Split and splitless are the two most commonly used GC injection techniques. How are they different? And which one should you use for your analysis? 

We’ll begin with split injection, which is the most popular thanks to its versatility over a range of analyses. Inside a split/splitless inlet, you will find the carrier gas supply, the septum, the septum purge, the split vent, the liner, and the column. Now we’ll start the gas flow and simulate a split injection. 

Let’s rewind and go through what happened. First, the gas entered the inlet with a total flow of 104 mL/min. A small amount—3 mL/min—passed through the septum purge to reduce possible contamination from the septum, while the rest continued on to the liner. A fraction of the gas—1 mL/min—flowed into the column, but most—100 mL/min—is swept away via the split vent. 

This ratio—the split ratio—is determined by the user before starting the analysis. Split ratios typically vary between 5:1 to 500:1, with the higher the ratio, the lower the amount of sample that enters the column compared to what passes out the split vent. During injection, the sample is injected into the liner and vaporizes. Since our example has a high split ratio of 100:1, one part goes onto the column while one hundred parts of the sample exit out the split vent. 

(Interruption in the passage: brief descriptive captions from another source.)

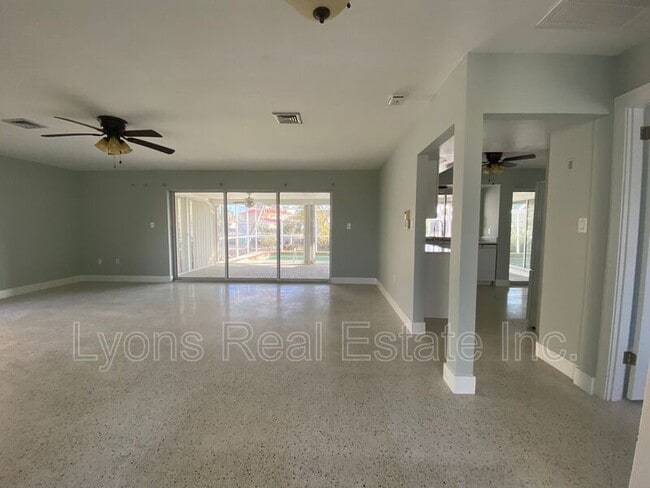 Foto del edificio - 174 Gulfview Rd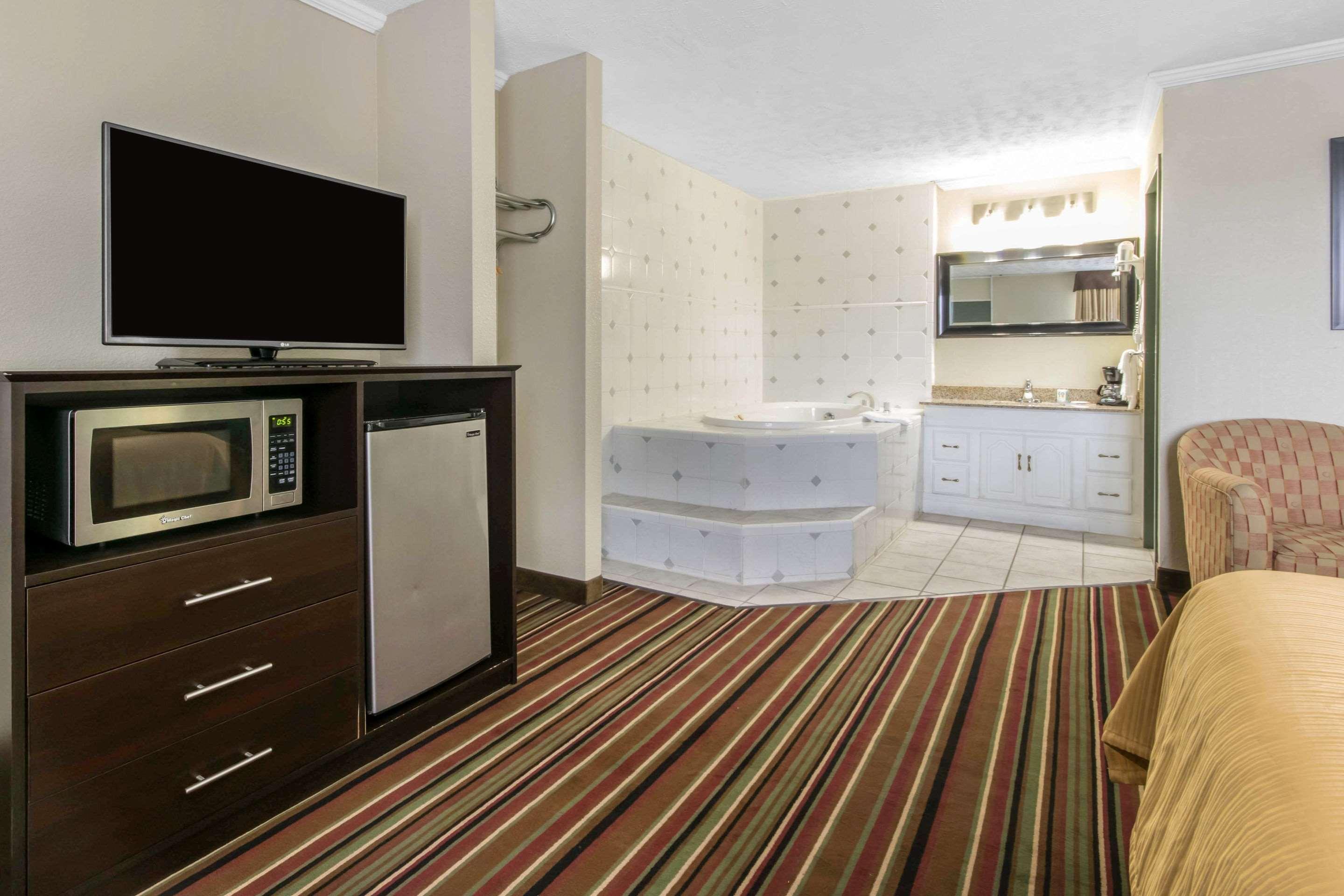Quality Inn & Suites Horse Cave Екстериор снимка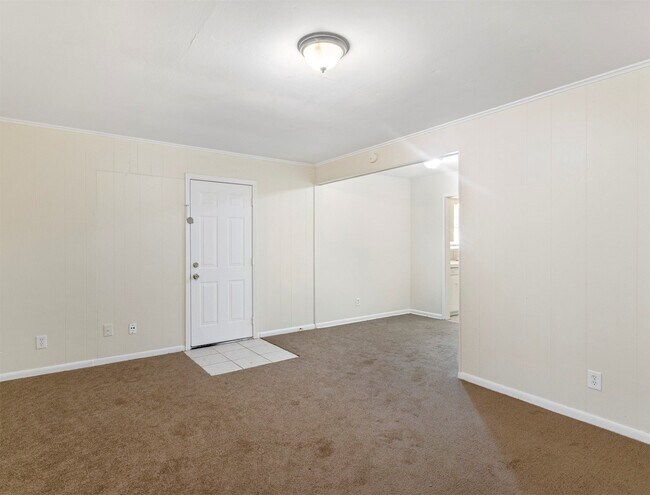 Building Photo - 13306 Oak Leaf Ln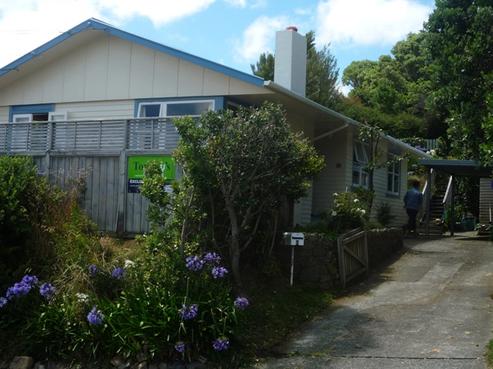 9 Catherine Crescent, Paparangi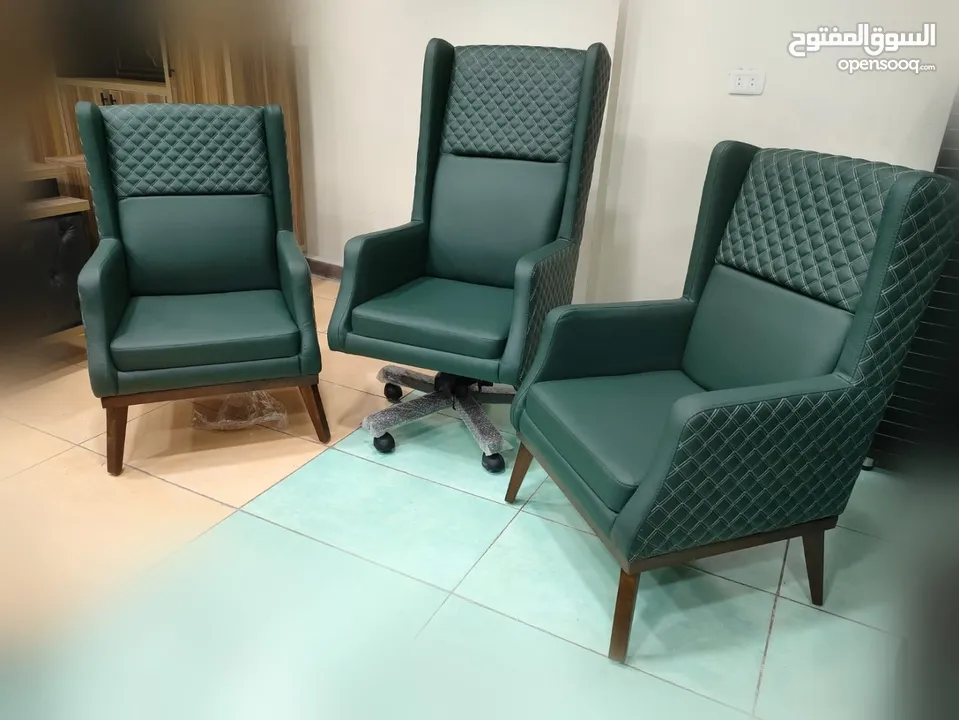 كراسي مدير ملوكي متوفر بعدة الوان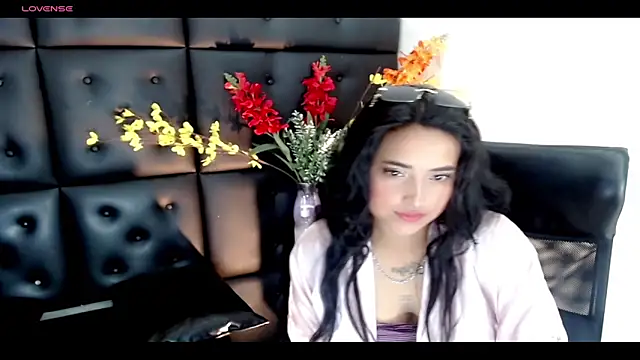 Carolaine01 online show from February 2025 08:45:02 PM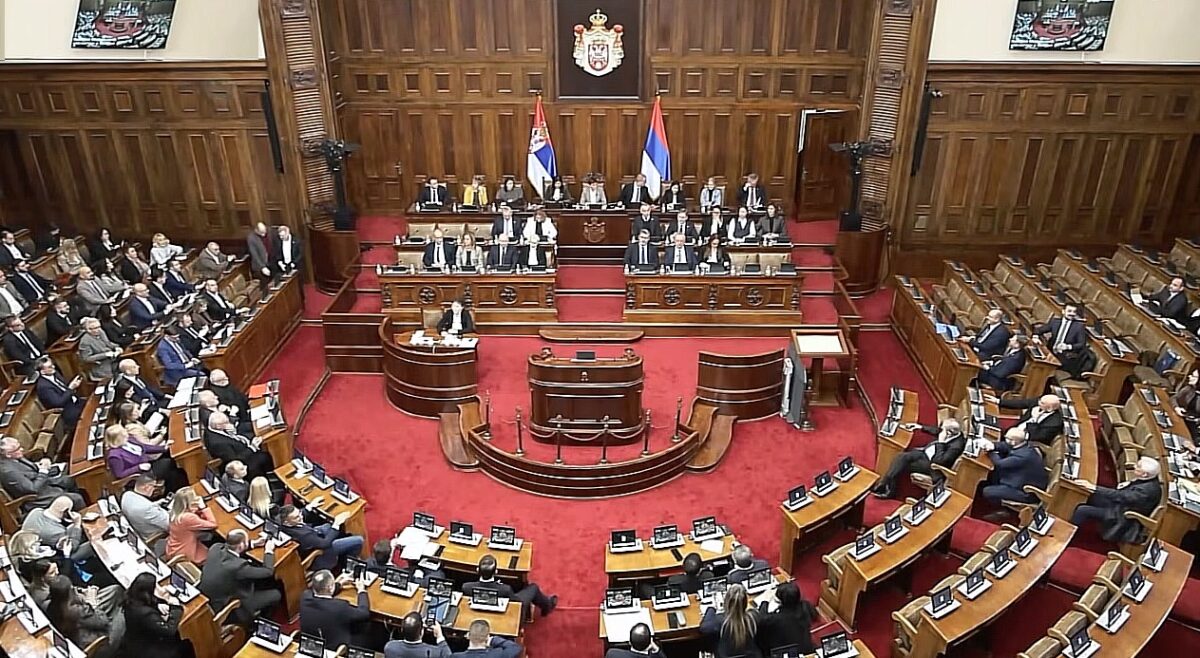 Kosovo, într-o criză constituțională după dizolvarea Parlamentului și convocarea alegerilor anticipate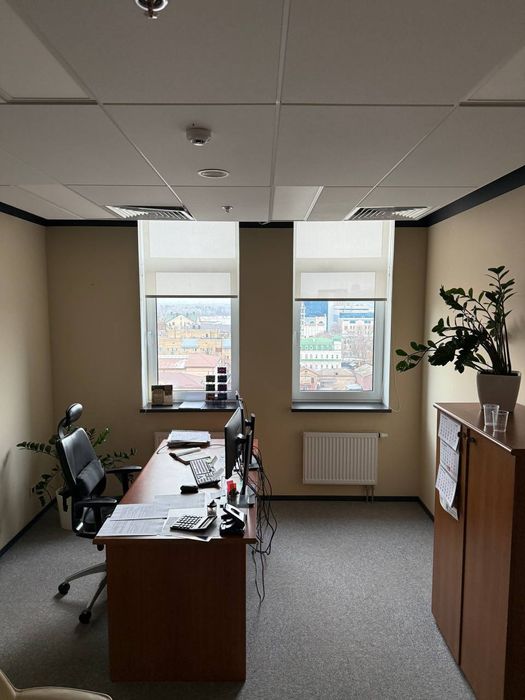 РОЗПРОДАЖ ОФІСУ,стілець, крісла,столи,тумби,комоди,шафи,стелажі,пуфи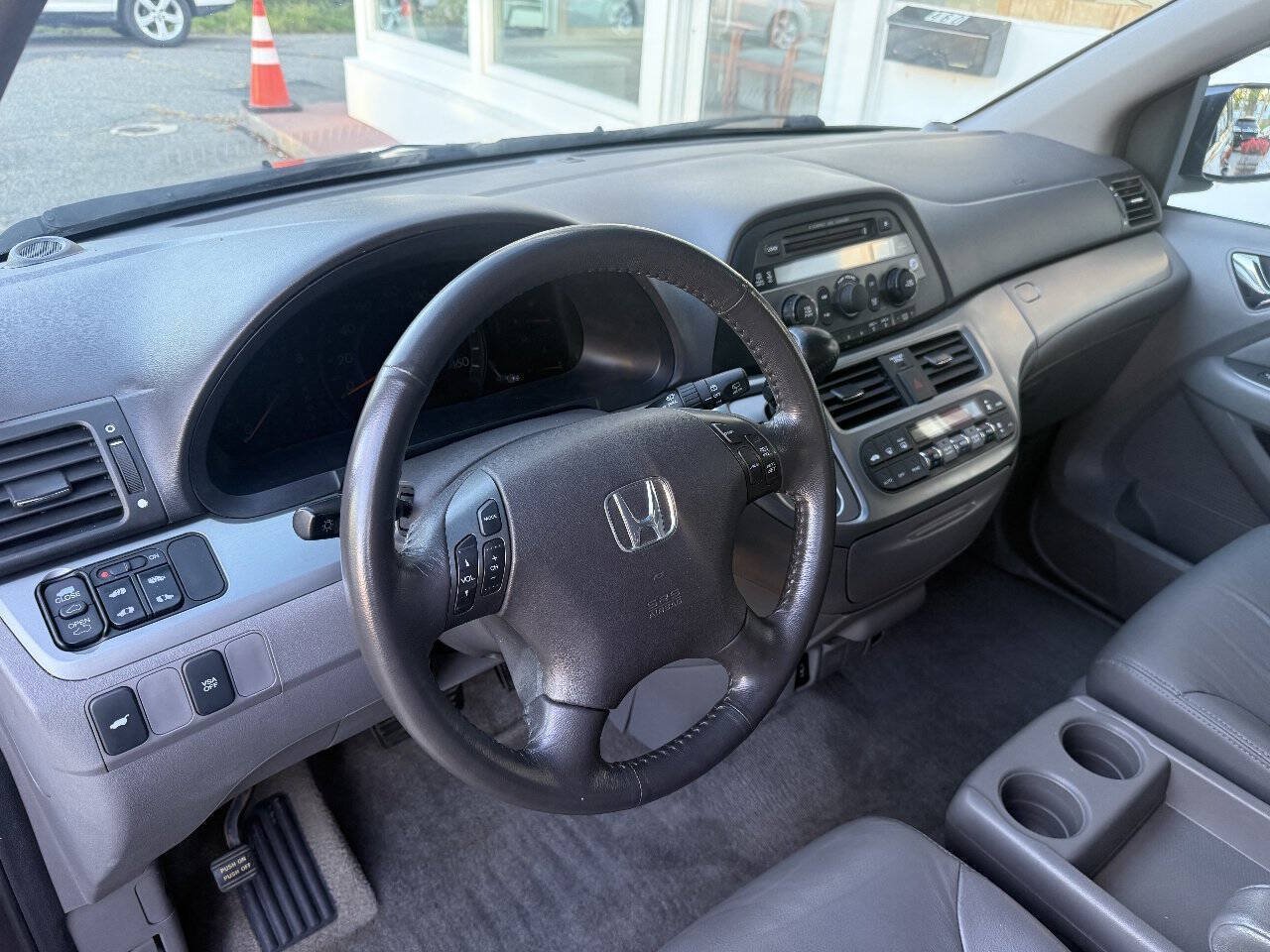Used 2010 Honda Odyssey EX-L image 37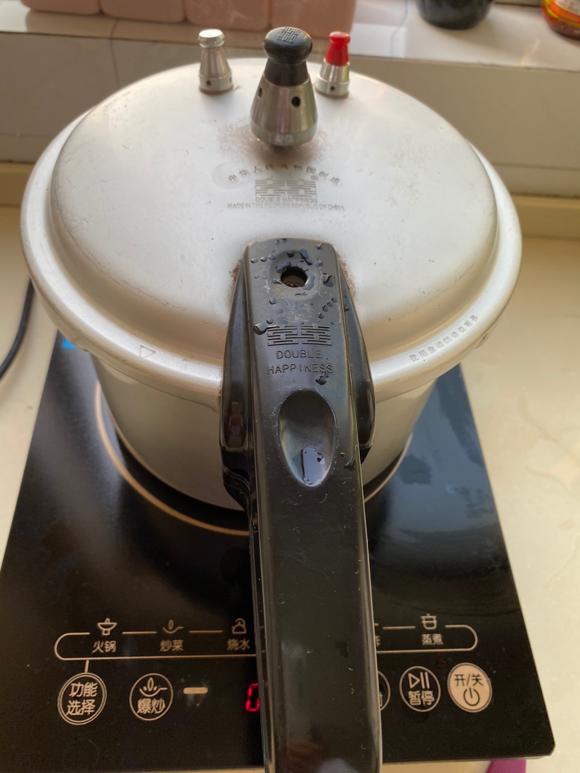 健脾养胃暖身,生姜板栗山药甜汤-健脾养胃的食疗方法 健脾养胃暖身,生姜板栗山药甜汤-健脾养胃的食疗方法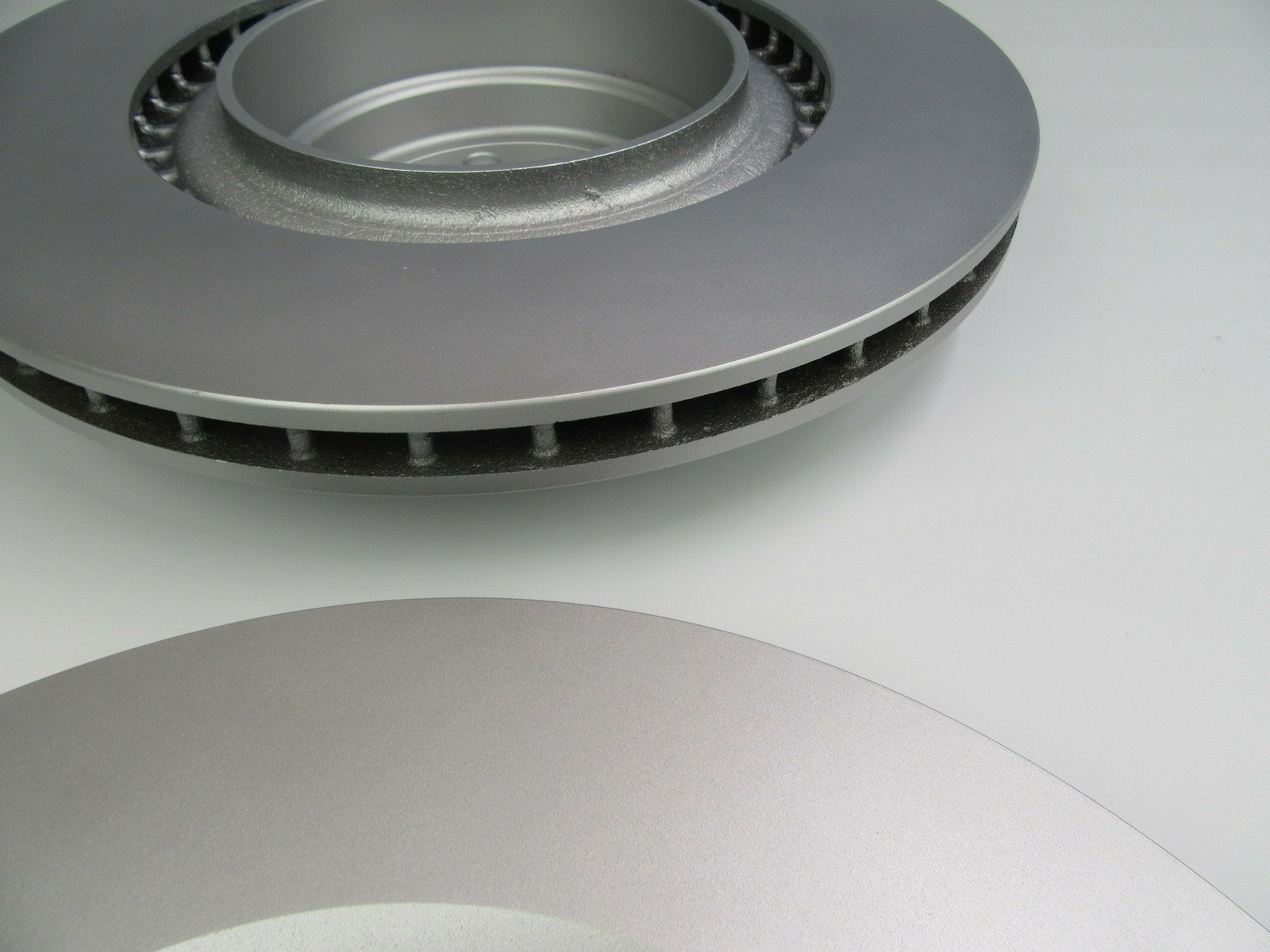 Rolls Royce Wraith Dawn rear brake pads and rotors 375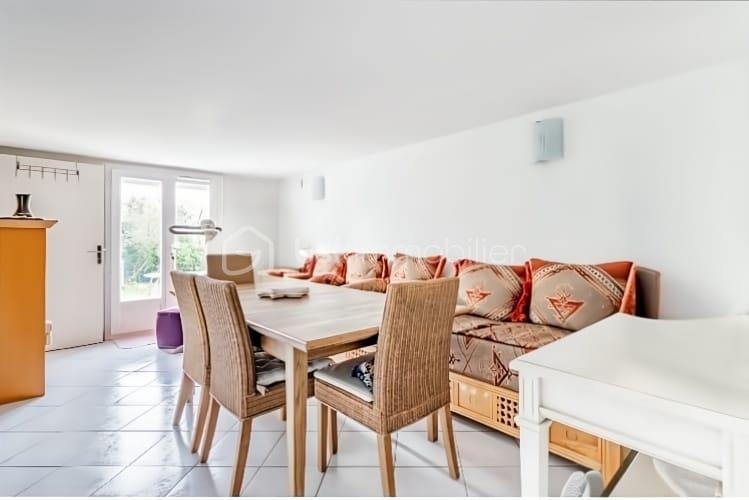 Maison ancienne - 200 m² - 8 pièces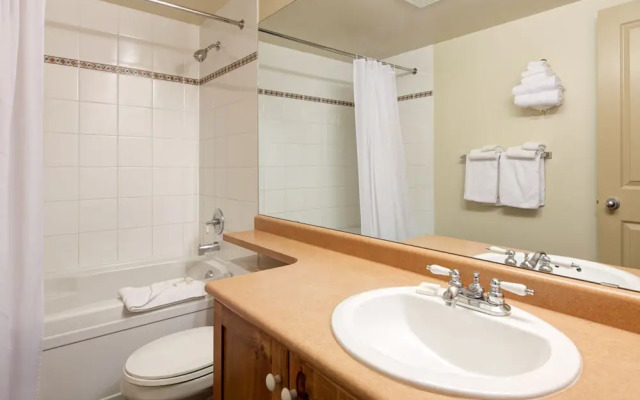 Toby Creek Lodge at Panorama Mountain Resort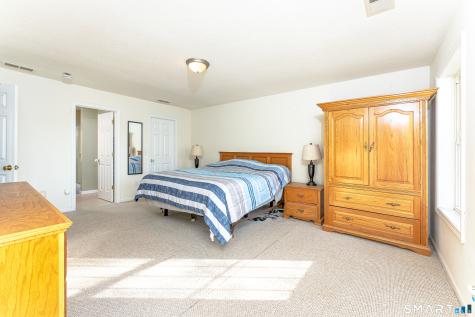 110 Oakwood Circle Bristol CT 06010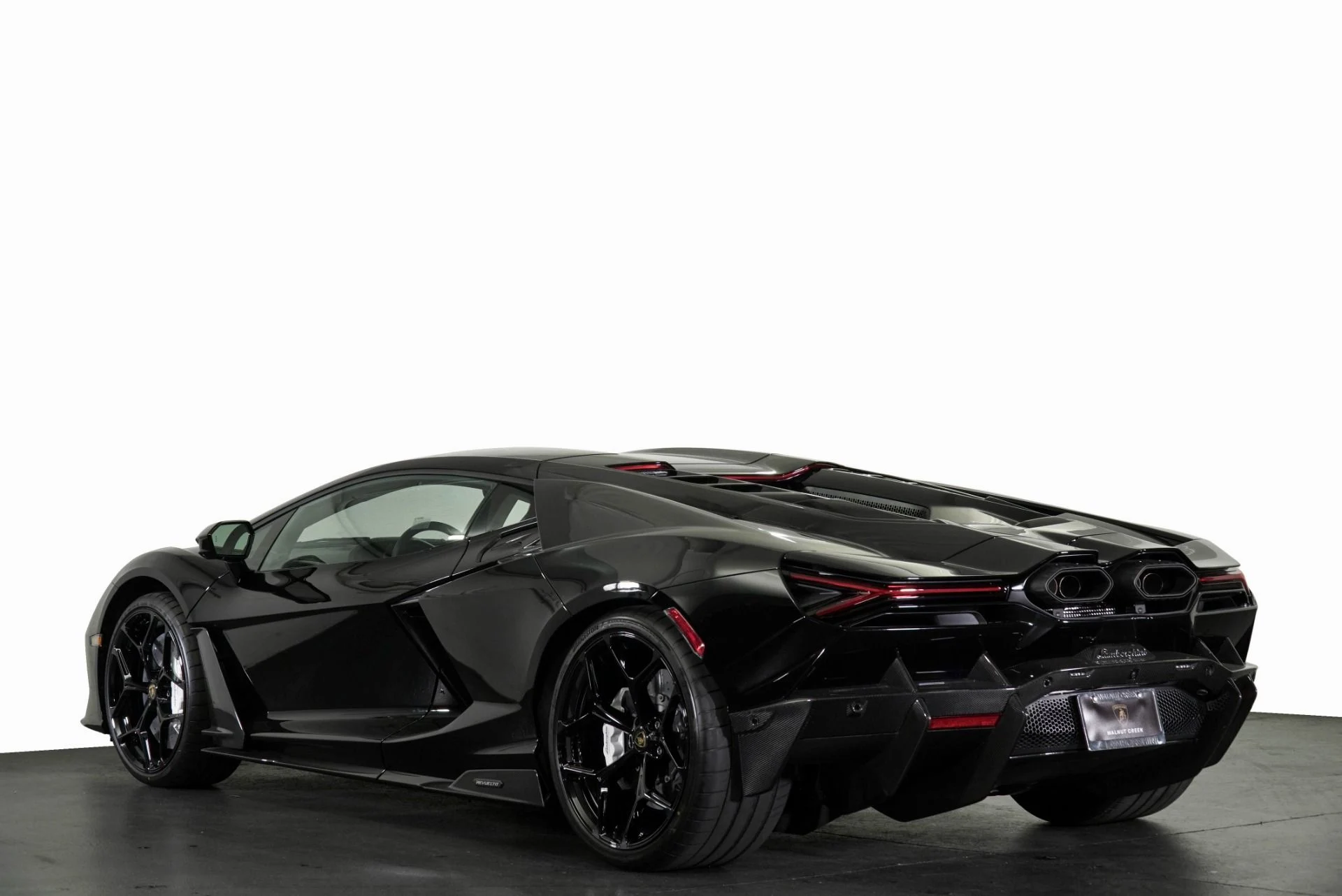 mph001_512116334_New_2026_Lamborghini_Revuelto_1776293833_97c70c73fa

Now let’s look at an example of a splitless injection. In a splitless injection, the split vent is closed and left closed before and during the injection. As there is no split flow, the total flow is set at a dramatically reduced flow rate. Here, it’s only 4 mL/min. 3 mL/min passed through the septum purge, while the remaining 1 mL/min entered the column. During injection, the sample remains within the liner for longer before entering the column due to the lower flow rate. Once sufficient time has elapsed after injection, the split vent opens to purge the inlet. This duration—known as the splitless hold time—is calculated to be long enough to allow the maximum vaporization and transfer of analytes to the column. 

So which injection technique should you use? It depends on the concentration of your desired analytes within your sample, the sensitivity of your detector, and any method requirements. 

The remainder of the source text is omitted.